MATERIAL FOR THE TASK below:
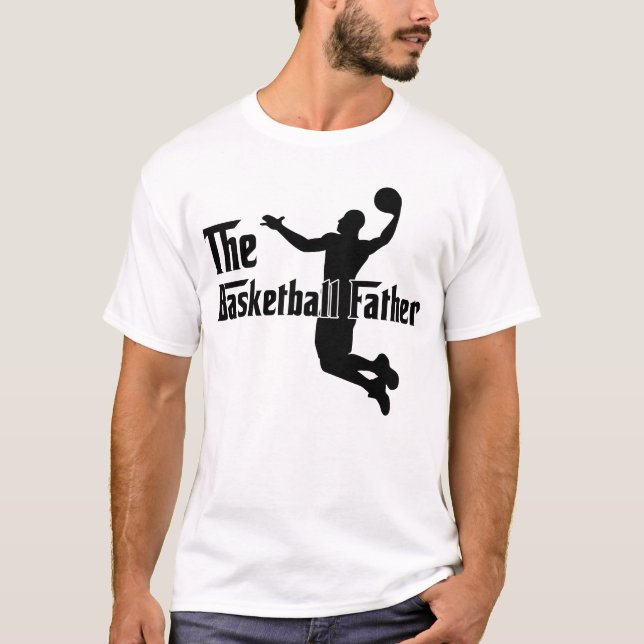 Camiseta The Basketball Father Basketball Dad (Anverso)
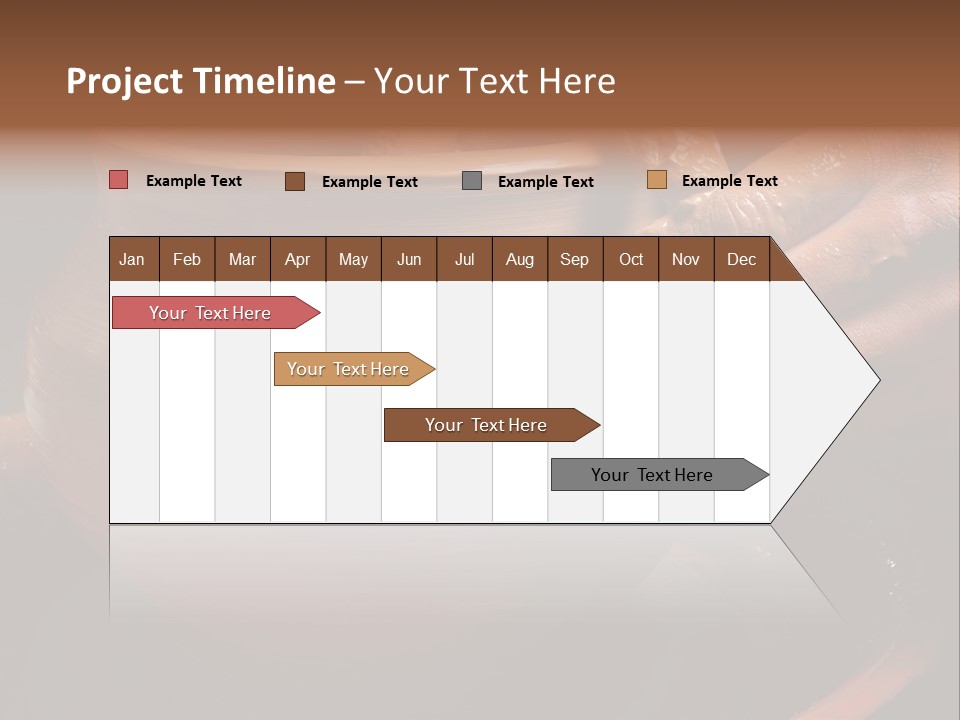 Vessel Hand Manufacturing PowerPoint Template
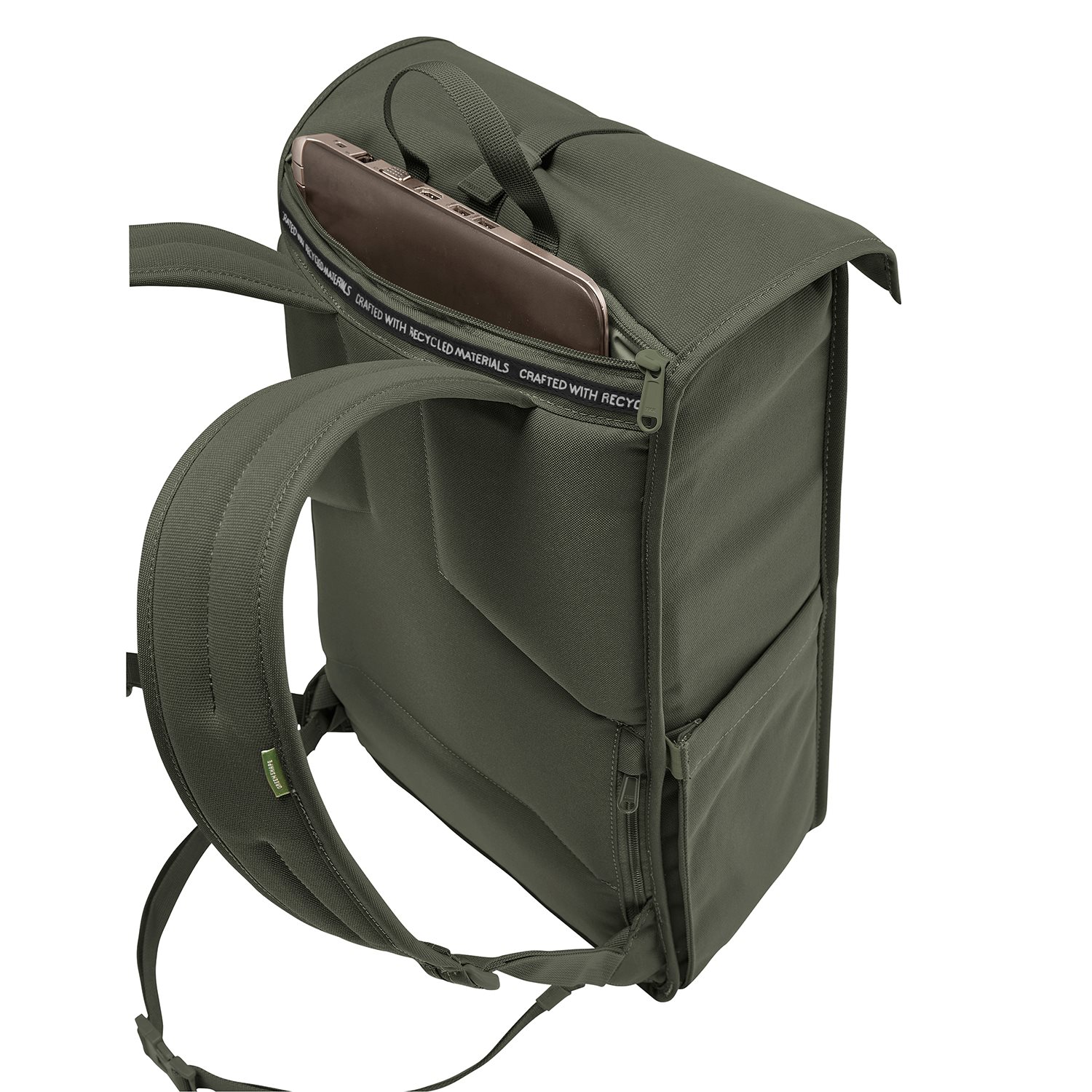 Vaude Coreway Rolltop 20 khaki
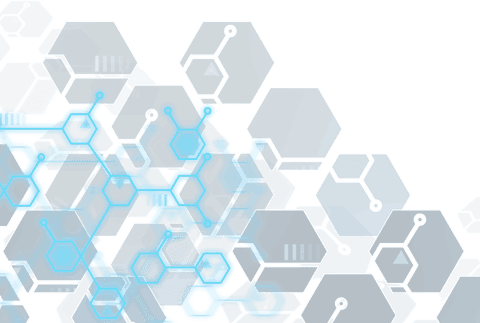 abstract geometric hexagonal shapes on transparent background - Download Free Stock Videos Pikwizard.com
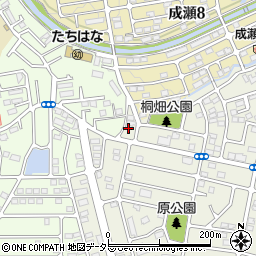 東京都町田市南成瀬2丁目18-4周辺の地図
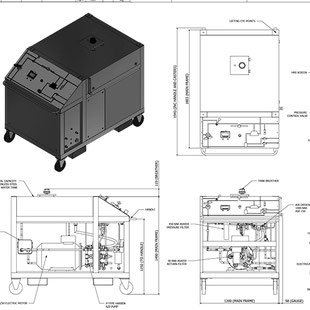 Plateforme de rinçage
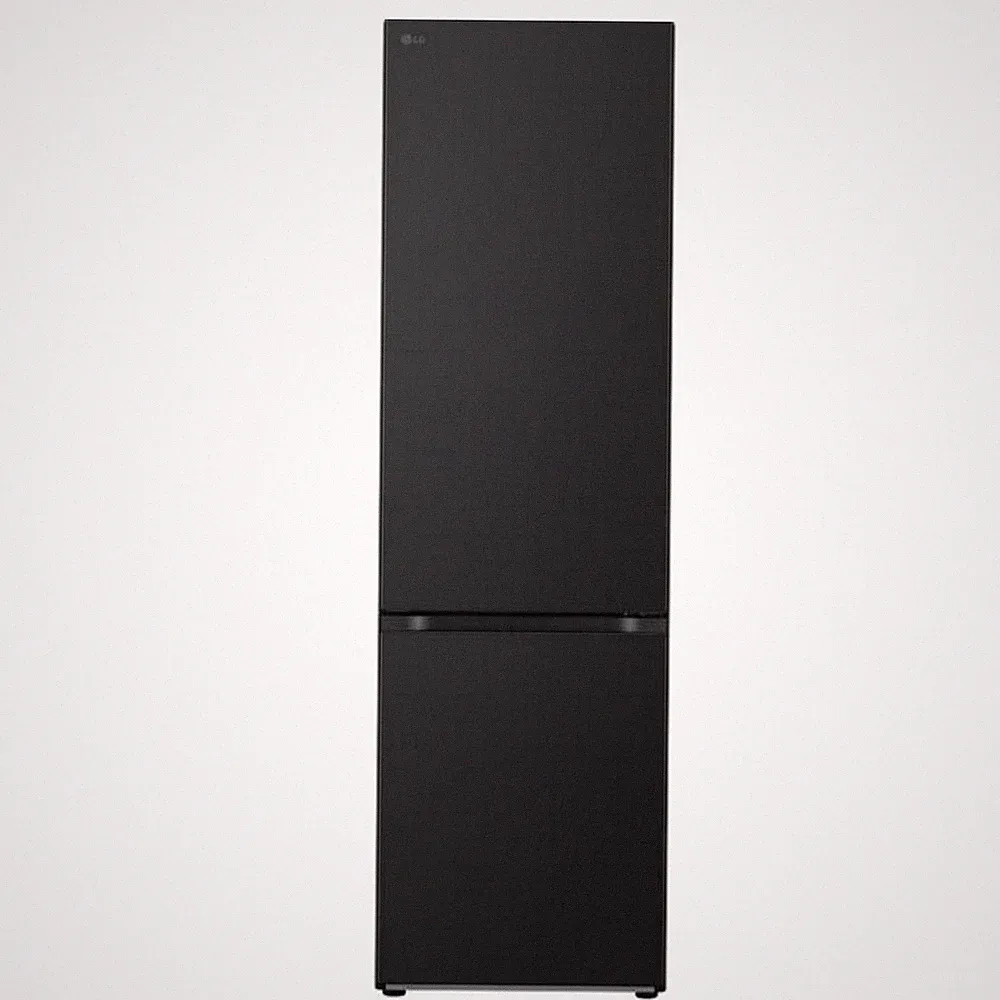 Lg Kombikühlschrank 60cm 387l nofrost graphit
End of MATERIAL FOR THE TASK.
EXERCISE
Print the material above exactly, skipping its images.

TASK ANSWER
 Camiseta The Basketball Father Basketball Dad (Anverso)
 Vessel Hand Manufacturing PowerPoint Template
 Vaude Coreway Rolltop 20 khaki
 abstract geometric hexagonal shapes on transparent background - Download Free Stock Videos Pikwizard.com
 東京都町田市南成瀬2丁目18-4周辺の地図
 Plateforme de rinçage
 Lg Kombikühlschrank 60cm 387l nofrost graphit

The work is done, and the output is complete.